U.N. security try to clear protesters during a protest at COP25 to draw attention to the climate emergency.. Madrid, Spain, Wednesday, Dec. 11, 2019. AP Photograph / Paul White

The United Nations climate talks went into record overtime and then ended in failure on Sunday. The countries gathered in Madrid for COP25 were unable to agree on the main objectives of the negotiations and kicked the most important decisions down the road to next year’s meeting in Glasgow, Scotland.

A coalition of countries seeking higher ambition were blocked by a group of big polluters insisting on accounting tricks such as “hot air” credits, opposing help for nations suffering the impacts of climate change, and demanding that human rights protections get removed from the main sections of the agreement that COP25 was intended to resolve. One of the main breakdowns centred on Article 6 which covers international accounting for climate pollution and credits between countries. The Canadian Association of Petroleum Producers along with politicians like Jason Kenney and Andrew Scheer, had been making misleading suggestions that Article 6 could be used to give Canada credit for exports of LNG and other fossil fuels.

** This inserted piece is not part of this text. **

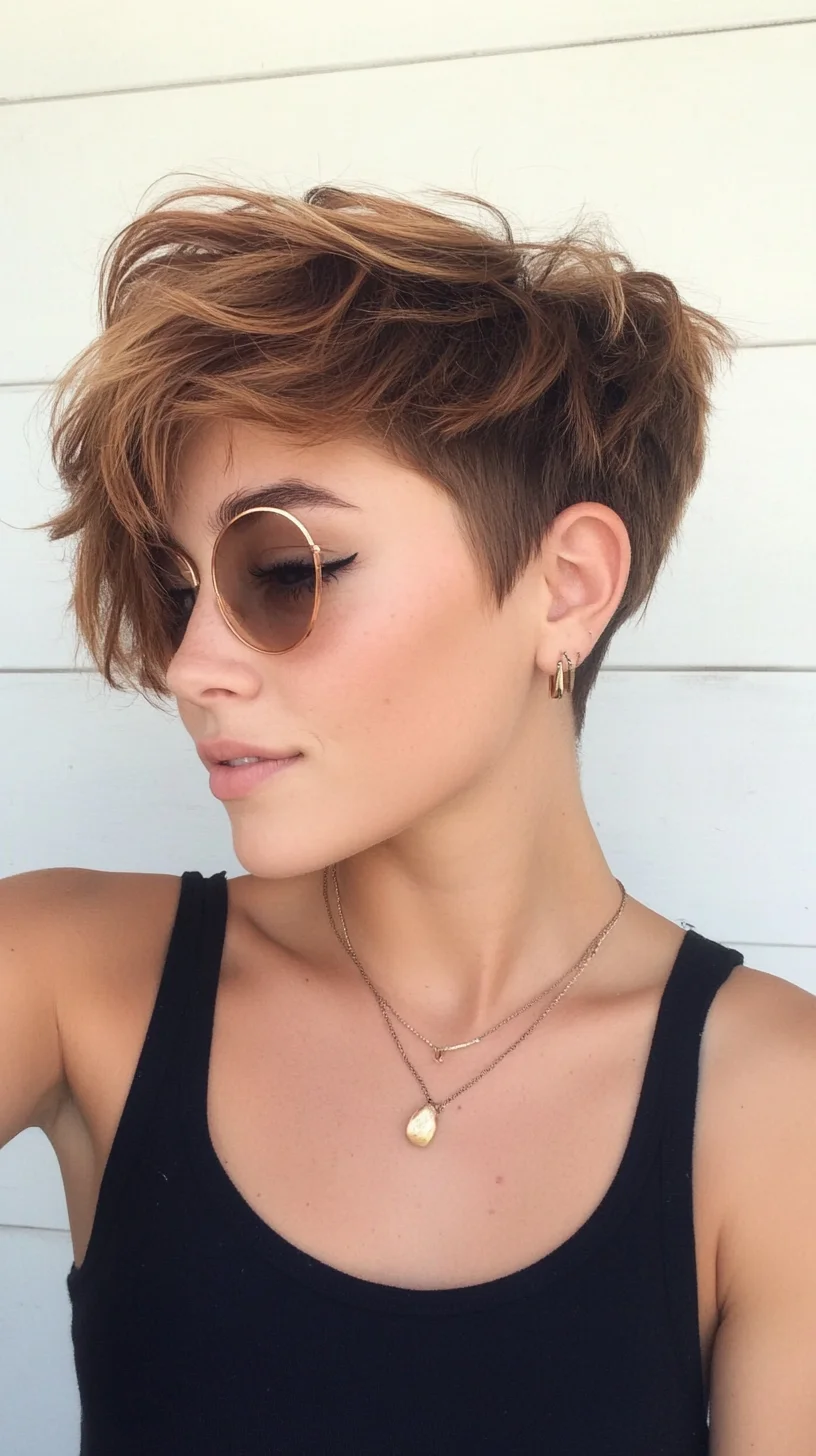 Edgy Textured Pixie A Chic Look for Bold Individuals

The “High Ambition Coalition” includes island countries like the Marshall Islands which are threatened by rising sea levels as well as European countries which, just this week, dramatically strengthened their own climate plans.

Simon Stiell, a minister from Grenada who spoke for the coalition, put blame for COP’s failure squarely on the United States, Brazil and Australia. “Lives are at risk here,” Stiell told National Observer. “We know what actions need to be taken but there are a few voices dictating the agenda of the many.”

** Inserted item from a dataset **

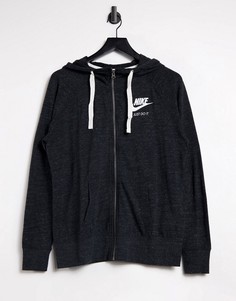 Спортивный худи на молнии черного цвета Nike Sportswear Vintage-Черный цвет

The European Union’s lead negotiator said “there is no way we could accept a compromise that jeopardizes environmental integrity. We need to be ambitious and get to net-zero emissions by 2050, and we can only get there if we start now.”

Youth climate advocates have galvanized a worldwide surge in climate concern in 2019. “Our future is literally at stake. We don’t have any other choice than trying through all possible means,” said Catherine Gauthier, Executive Director, of ENvironnement JEUnesse. Gauthier is leading a class action lawsuit by Canadian youth against the federal government and was in Madrid as an accredited observer of COP25.

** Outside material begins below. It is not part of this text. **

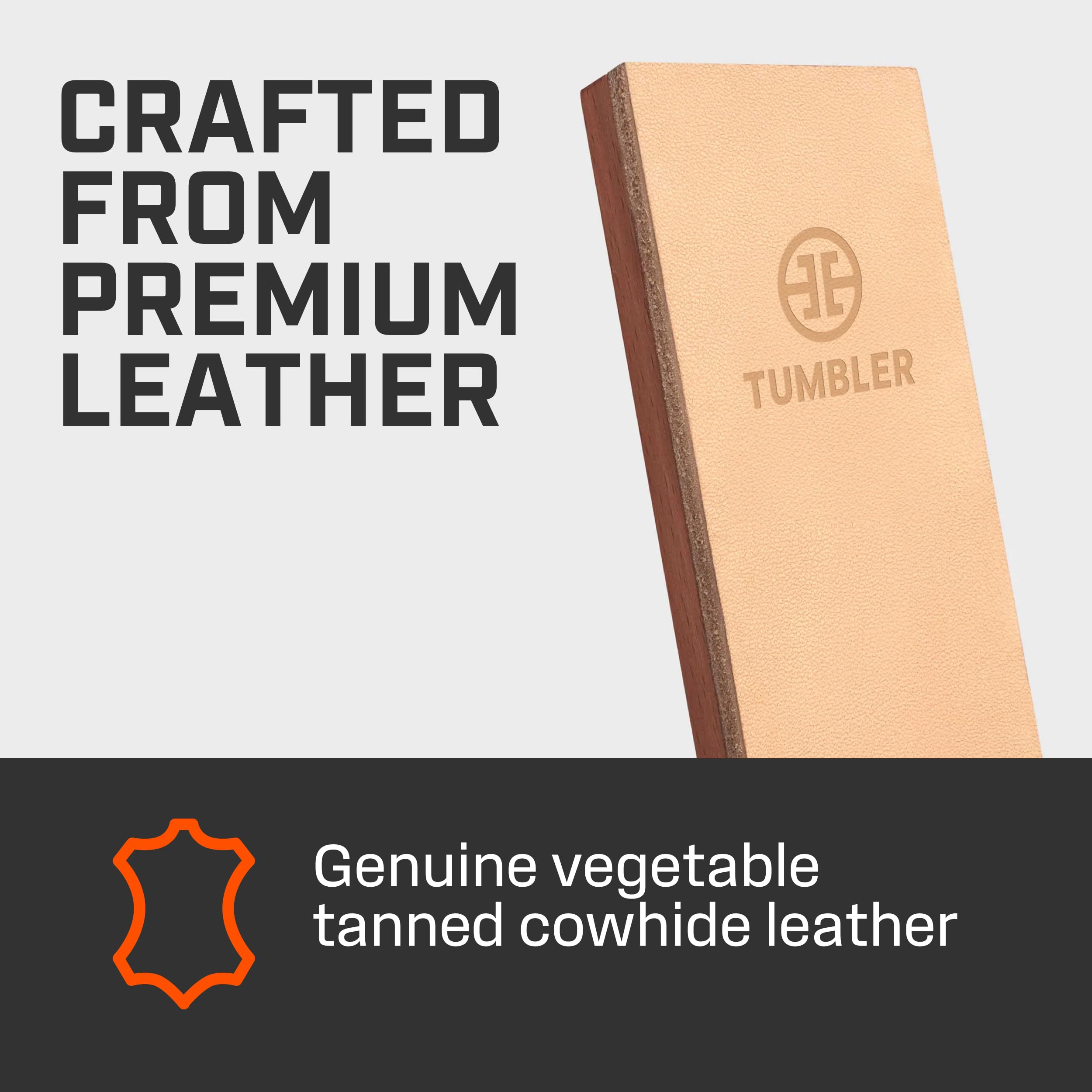 TUMBLER strop posé à côté d'une main pour visualiser l'échelle et la portabilité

The 2019 UN climate negotiations were widely expected to be little more than a stopover on the way to 2020 where countries agreed to announce new, more ambitious plans to limit climate pollution.

Despite those low expectations, there was some hope that the world’s governments would feel compelled to respond to the explosion of public concern in 2019 and frightening new scientific findings. In the end, they did not even live up to the meager expectations.

Catherine Abreu, the lead Canadian watchdogging the UN process, also laid blame for the failure on big polluting countries which “have been able to ruthlessly advance the fossil fuel industry’s profit agenda over our collective futures.”

“While Canadian negotiators were largely constructive on the ground, Canada has a lot of work to do at home to address the gap between its climate goals and its ongoing commitment to expand the fossil fuel industry, which got a lot of international attention here in Madrid,” said Abreu. She called on Canada’s environment minister to “increase Canada’s climate finance contributions and deliver on his government’s election promise to bring a new, more ambitious Paris pledge to COP26 in 2020.”

.@Cat_Abreu, the lead Canadian watchdogging the UN process, laid blame for failure on big polluting countries which “have been able to ruthlessly advance the fossil fuel industry’s profit agenda over our collective futures,” @zerocarbon

The United States, Brazil and Australia were the main obstructionists. The United States’ role was particularly galling because Donald Trump had already pulled out of the Paris agreement.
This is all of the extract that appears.